‘We are not alone.’ Talk of UFOs again on Capitol Hill months after Congressional hearing
- 3 of those scheduled to appear during the briefing, hosted by nonprofit UAP Disclosure Fund, testified before subcommittees of the House Oversight Committee.
- The Disclosure Fund, which advocates for government transparency about UAP, said the session will “offer a science‑driven perspective” about the phenomena.
Less than six months ago, witnesses testifying in the halls of Congress reignited public interest in UFOs with regaling accounts of shadowy government cover-ups and strange craft seen whizzing through the sky.
The hearing was the second time in as many years that elected officials paid serious heed to the possibility that extraterrestrials – or some other force – were not only invading U.S. airspace, but that the military knew about it.

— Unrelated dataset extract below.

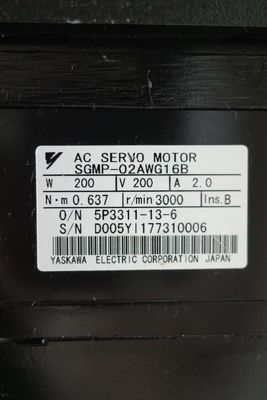 Yaskawa SGMP-02AWG16B AC SERVO MOTOR 2A 200W 3000RPM 200V NEW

Now, another type of meeting to discuss UFOs is set to take place Thursday, May 1, on Capitol Hill. But this event – described as a “briefing,” not a “hearing” – won’t include testimony under oath, but rather will be a public series of discussions with members of Congress about the unexplained objects, which the government now refers to as unidentified anomalous phenomena (UAP.)

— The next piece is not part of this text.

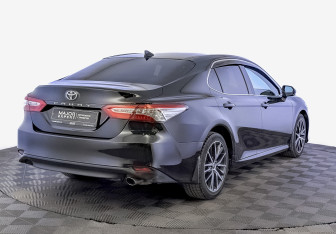 Подержанный автомобиль Toyota Camry Sedan 2022 года (5 фото)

In fact, three of those scheduled to appear during the briefing, hosted by the nonprofit UAP Disclosure Fund, testified in November 2024 before subcommittees of the House Oversight Committee. The Disclosure Fund, which advocates for government transparency about UAP, said the session will “offer a science‑driven perspective” about the phenomena, as well as the implications for national security.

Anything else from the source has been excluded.